On February 23, 2016, Guided Therapeutics, Inc. (the “Company”) implemented a 1:100 reverse stock split of all of the Company’s issued and outstanding common stock (the “Reverse Stock Split”). The Reverse Stock Split will be effective when trading opens on Wednesday, February 24, 2016.

The Company’s stockholders granted authority to the Board of Directors, in its discretion, to effect the Reverse Stock Split at a special meeting of stockholders held on November 11, 2015.

As a result of the Reverse Stock Split, every 100 shares of issued and outstanding common stock of the Company will be converted into 1 share of common stock. All fractional shares created by the Reverse Stock Split will be rounded to the nearest whole share. The number of the Company’s authorized shares of common stock will not change.

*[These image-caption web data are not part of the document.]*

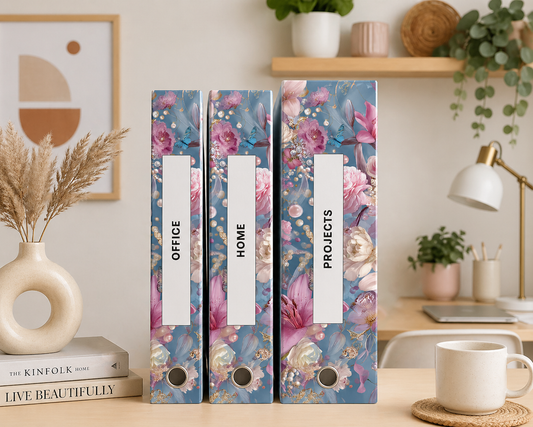 Blue Floral Binder Spine Covers | Printable Office, Home & Projects Labels | Elegant Aesthetic Organizer Inserts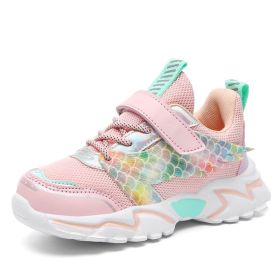 2022 New Arrival Shiny Upper Children Shoes Girls Fashion Kids Sneakers Boys Casual Toddler Sports Shoes Autumn Tenis (Color: Pink, size: 38)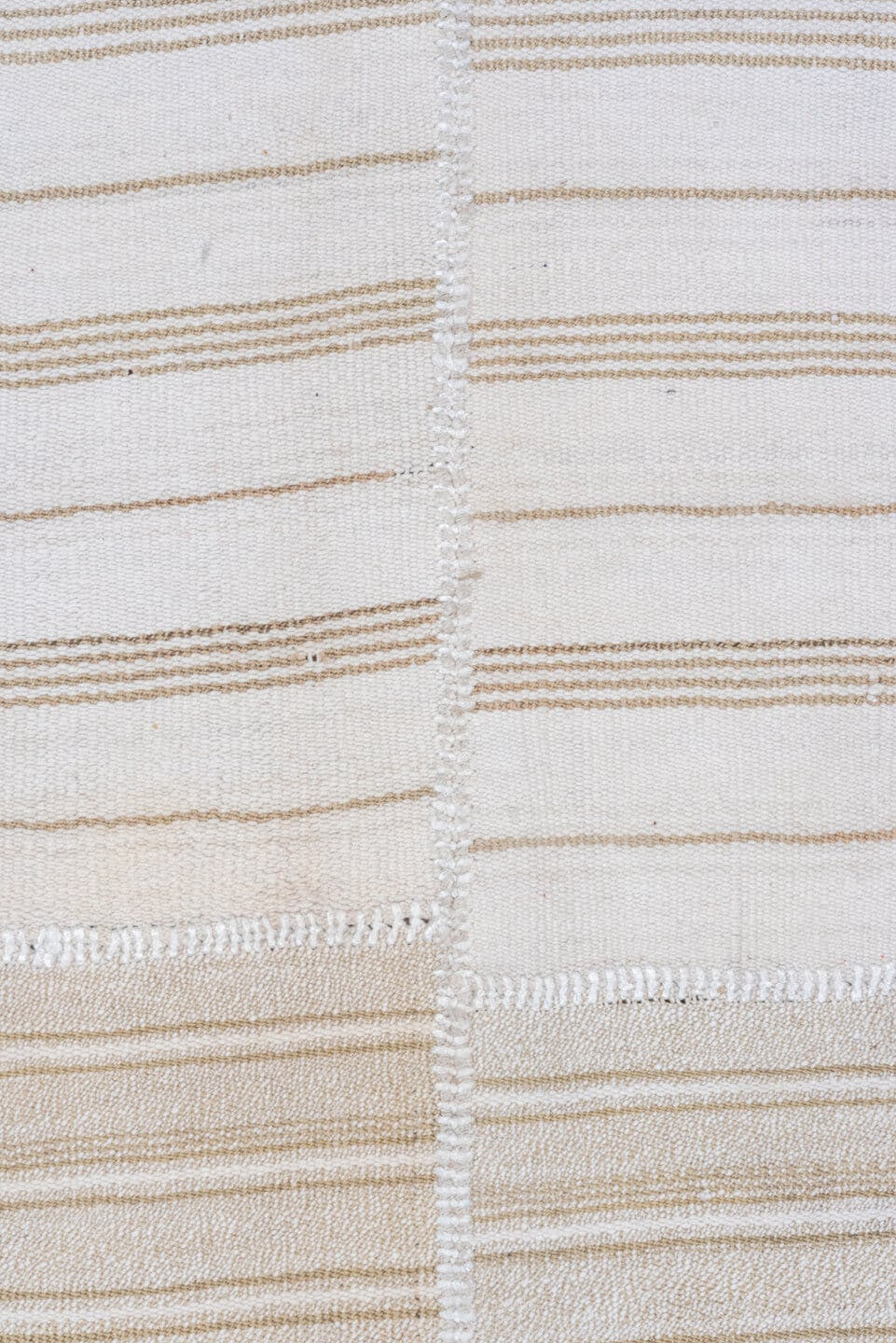 11' x 12' one-of-a-kind handmade antique Flatweave oversize rug. Color palette: ivory, beige, taupe, light brown, cream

A new CUSIP number has been issued for the Company’s common stock (40171F204) to distinguish stock certificates issued after the effective date of the Reverse Stock Split. The pre-split CUSIP number was 40171F105.

The common stock will begin trading on a split-adjusted basis on the OTC under the ticker symbol “GTHPD”. The “D” is appended at the end of the ticker symbol to signify the Reverse Stock Split for 20 trading days, at which time the symbol will revert back to “GTHP.”

The Company issued a press release, a copy of which is attached as exhibit 99.1, announcing the Reverse Stock Split.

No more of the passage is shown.